* _Data excerpts_
════════

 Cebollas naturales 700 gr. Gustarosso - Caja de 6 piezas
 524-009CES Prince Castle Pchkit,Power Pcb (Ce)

════════

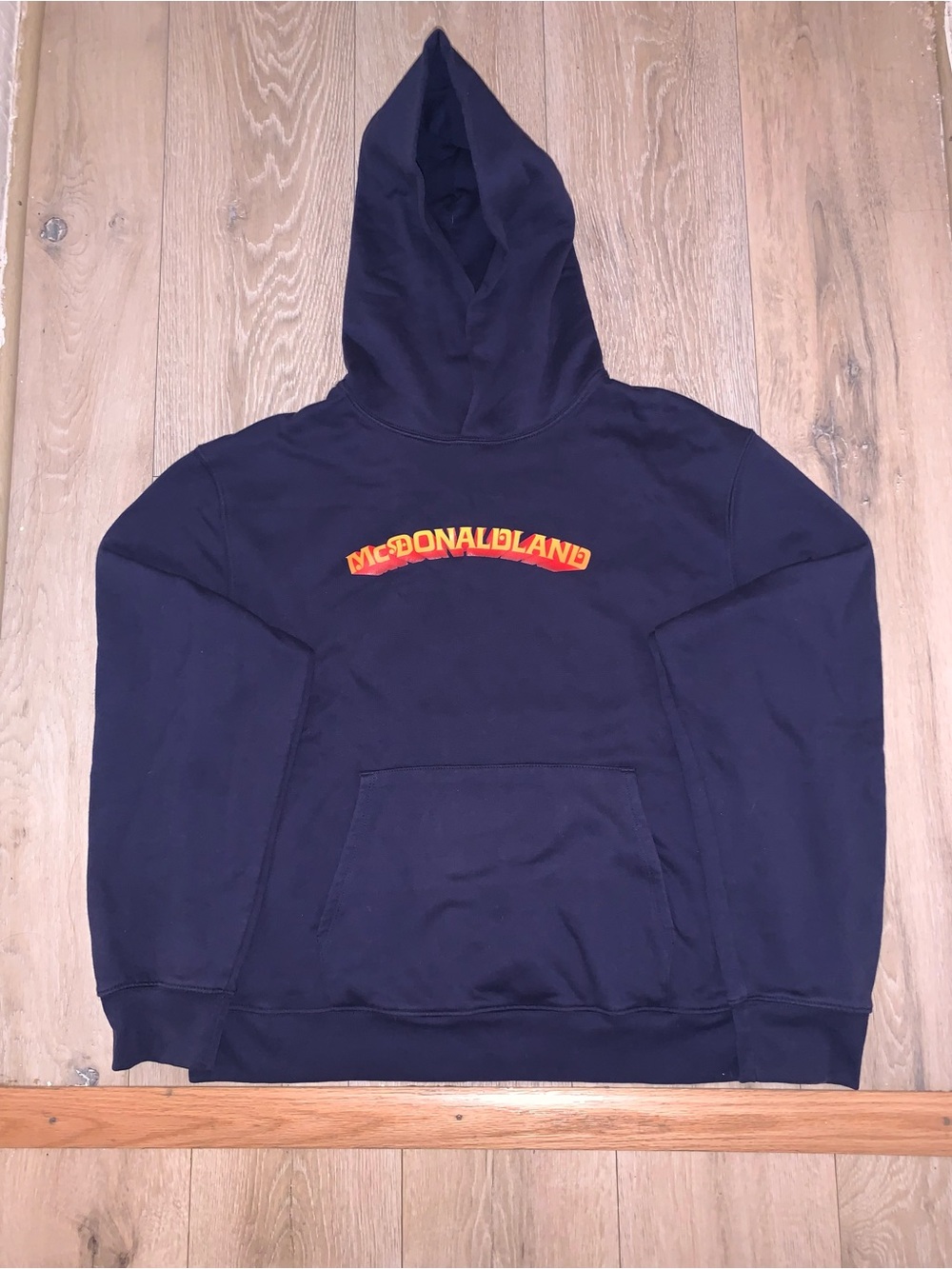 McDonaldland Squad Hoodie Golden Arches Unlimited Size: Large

════════

* _Problem details_
For this exercise, output exactly the lines above from the line with "Cebollas naturales 700" to the line with "524-009CES Prince Castle", counting both, and leave out the rest.

* _Written response_
 Cebollas naturales 700 gr. Gustarosso - Caja de 6 piezas
 524-009CES Prince Castle Pchkit,Power Pcb (Ce)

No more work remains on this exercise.